Moreover, Cameron makes the vessel hit the iceberg with (approximately) an hour and a half to go. With Thomas Andrews (Victor Garber – Legally Blonde, Milk, Argo) stating that Titanic has less than two hours afloat, it feels like one watches the ship keel in real time, instead of in a quick, artificial manner. This not only means viewers can realise the anarchy that gripped the ship as she went under; it enables one to appreciate the heroics of individuals on the night, such as the officers who sent out distress signals until Titanic’s power failed, and the life-boat stewards, like William Murdoch (who has been incorrectly portrayed as a murderer by Cameron) and Harold Lowe (Ioan Gruffudd – Fantastic I-II, Sanctum, Mariah Mundi and the Midas Box), who lowered as many boats and got as many people into them as possible, amidst the chaos.

And because Cameron has so much time, he also properly shows us the cowardice of others, like Bruce Ismay (Jonathan Hyde – The Mummy, The Tailor of Panama, Spooks), who wanted headlines so badly he imperilled the ship he named (ironically immortalising Titanic), and Edward J. Smith (Bernard Hill – The Lord of the Rings II-III, Valkyrie, Paranorm), the reckless and dithering captain, who at least had the dignity to go down with the vessel.

On the whole, the actors play their parts well, particularly Kate Winslet (even though she recently came out saying that her acting could have been better and she has a point), Frances Fisher, Gloria Stuart, Billy Zane and Kathy Bates (Misery, Midnight In Paris, Starbright), as the ‘unsinkable’ Molly Brown.

However, the cast’s performances are often undermined by risible dialogue.
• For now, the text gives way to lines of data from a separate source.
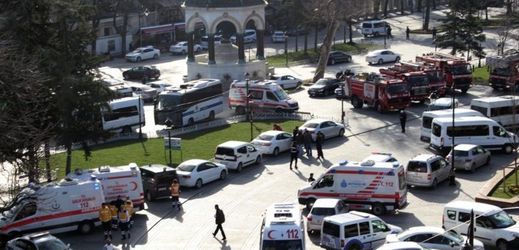 Sebevražedný útok v Istanbulu si vyžádal deset mrtvých a patnáct zraněných.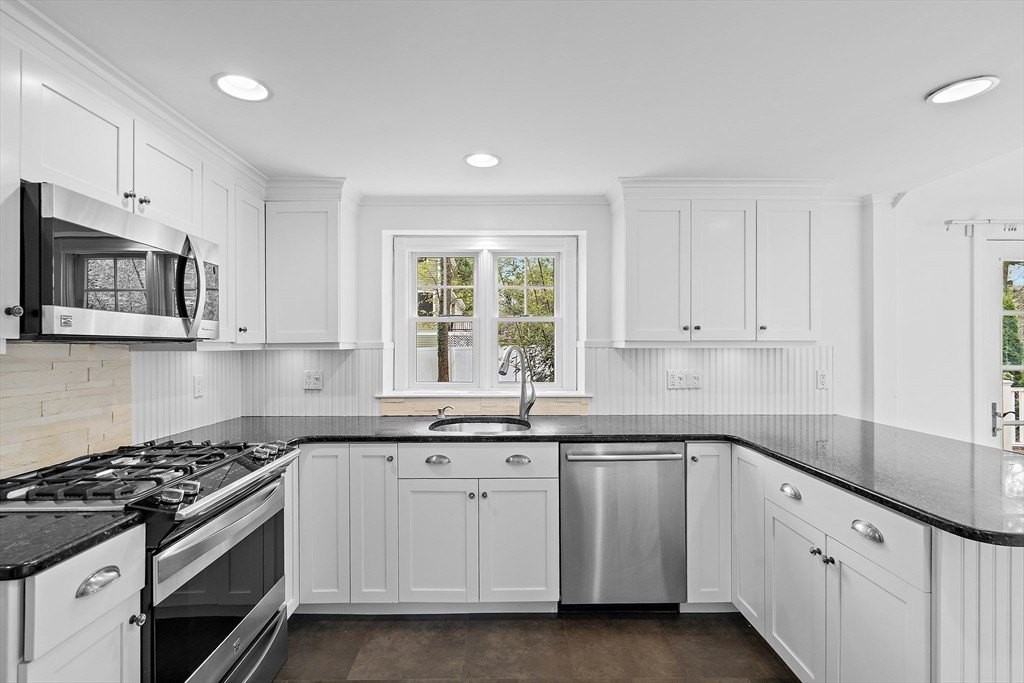 2270 Massachusetts Ave - Photo 6 of 33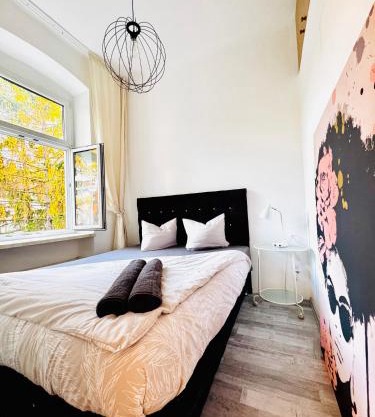 Modern 2BR for 5P Peaceful & Central Stay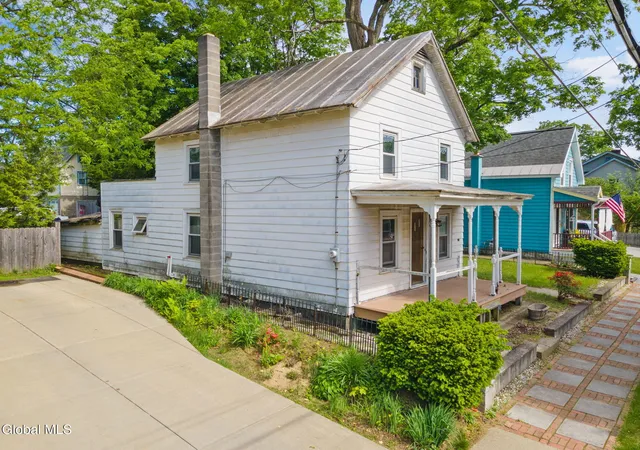 Homes for sale in Saratoga Springs, NY | 28 Warren St, Saratoga Springs, NY 12866 | MLS# 202619666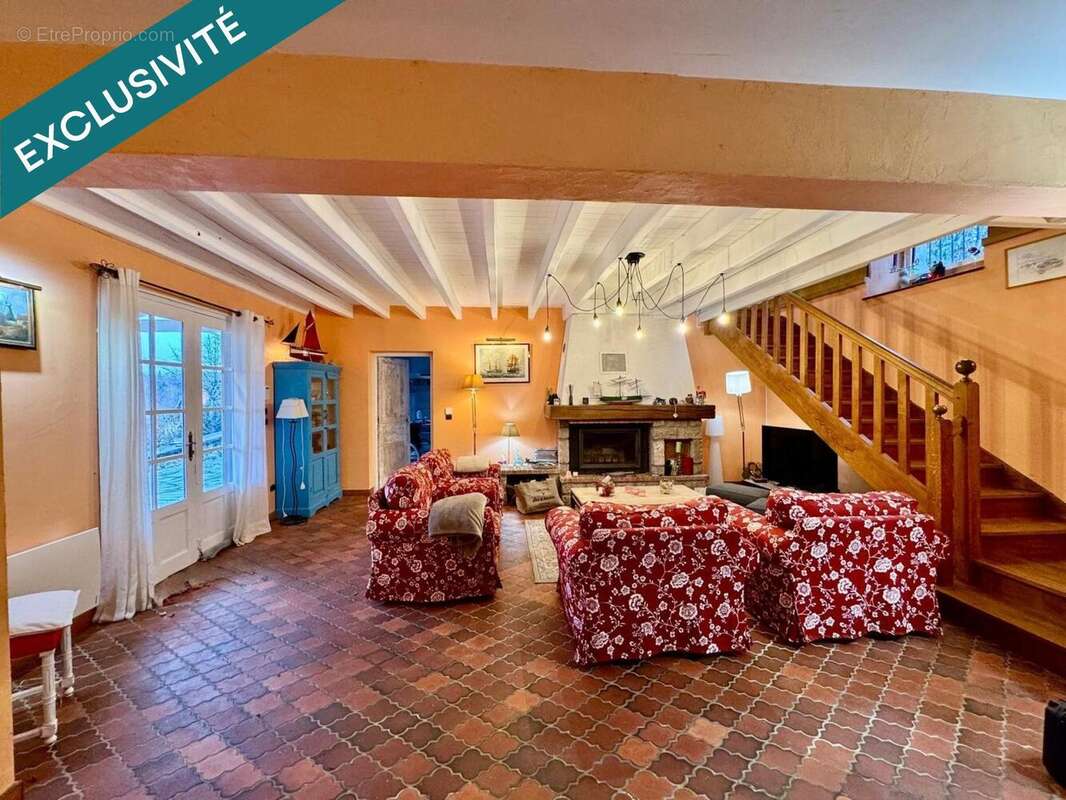 Maison 135 m² à Merinchal  - photo 4
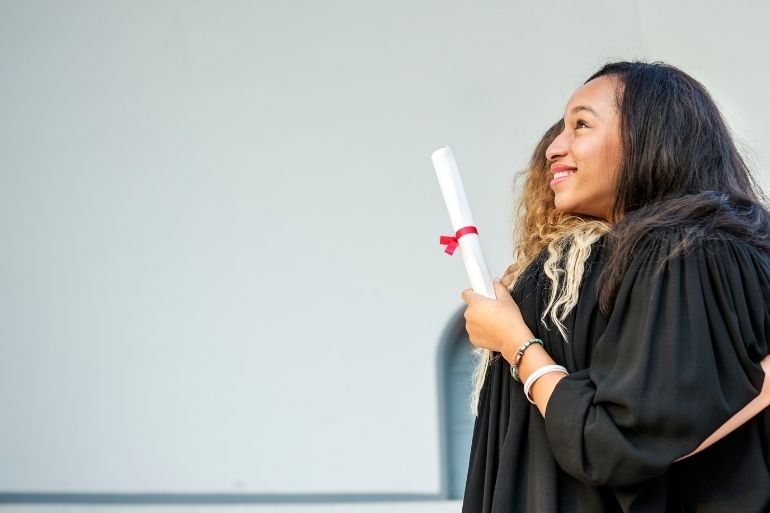 How To Set Up a Scholarship Fund in Memory of Someone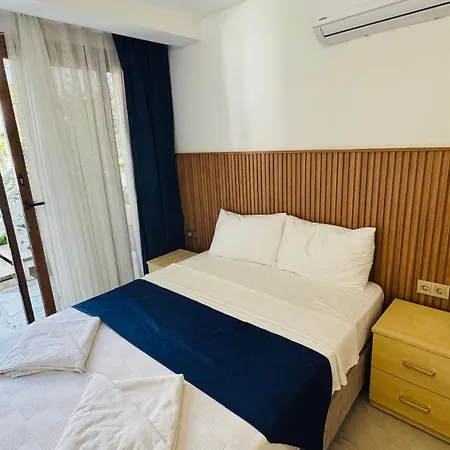 Tomsan Suites&villas *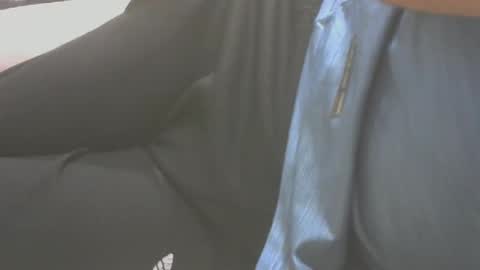 Cloney online show from October 2025 07:25:01 PM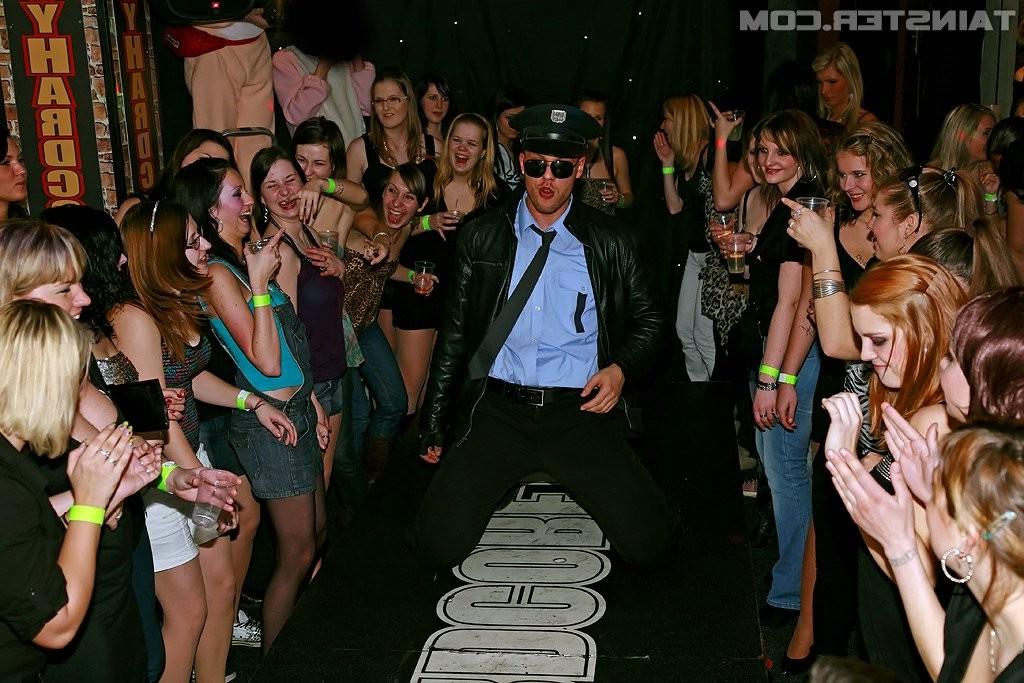 15P Very sexy willing teenagers nailed doggystyle the a disco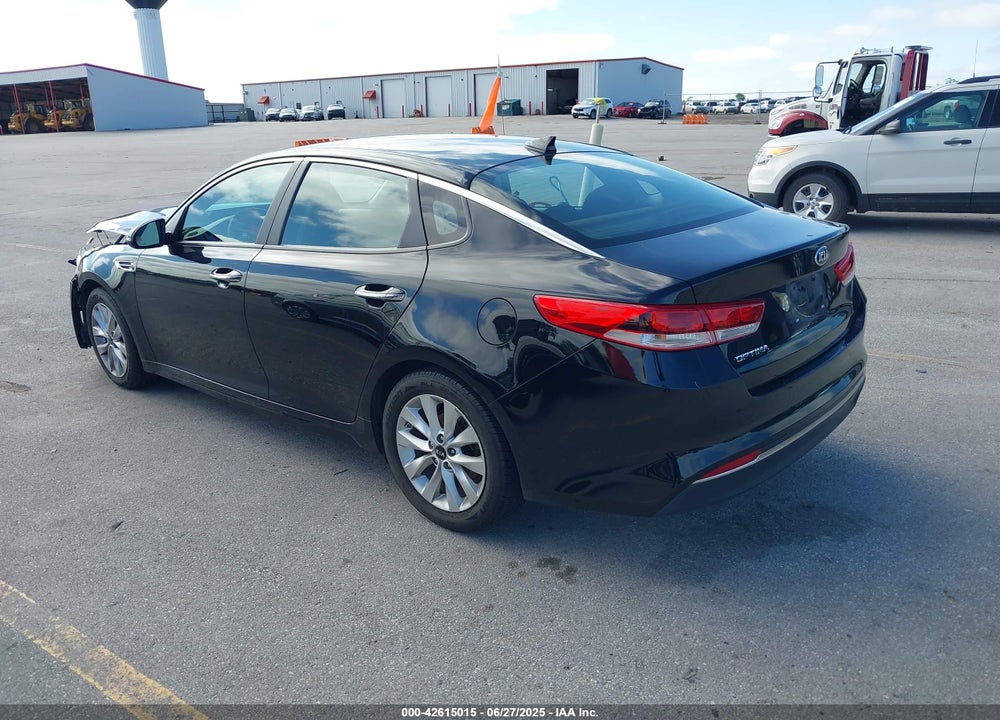 2016 KIA OPTIMA VIN: 5XXGT4L35GG007523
The worst offender, by a distance, is Leonardo DiCaprio. (Not that Winslet does herself much credit by shrieking “Jack” frequently.) DiCaprio’s ability to spew out contrived lines in a desperate voice is almost an embarrassment to the victims of the disaster.

Dialogue may not be one of Cameron’s specialities (Avatar illustrated that), but as a director he cannot be questioned. The impeccable way Titanic has been filmed and flows are testimony to this. That the movie’s set is huge and that one hardly notices the numerous special effects give clout to this (apart from a couple of poor CGI shots of the bow’s nose).

After sounding like a wounded animal as water flooded the bow and lower levels, the weight of the ship’s stern finally takes its toll on the vessel, breaking it in two.

Alas, the 3D does not effectively aid the film. It is not that effort hasn’t been put in. Rather, Titanic is not the type of film wherein the 3D can enhance scenes much, other than when people are falling from the stern as the giant propellers rise monstrously from the water.

All-in-all, Titanic is an enchanting film that gives us a window into a by-gone era. The film brilliantly details many of the complexities of early-twentieth century society, with moving music and special effects that are as magnificent as the ship that left Southampton. But the movie also does the tragedy justice, pointing out the valour of some and the pusillanimity of others. This is why the fate of the ‘unsinkable’ ship will forever have the power to captivate.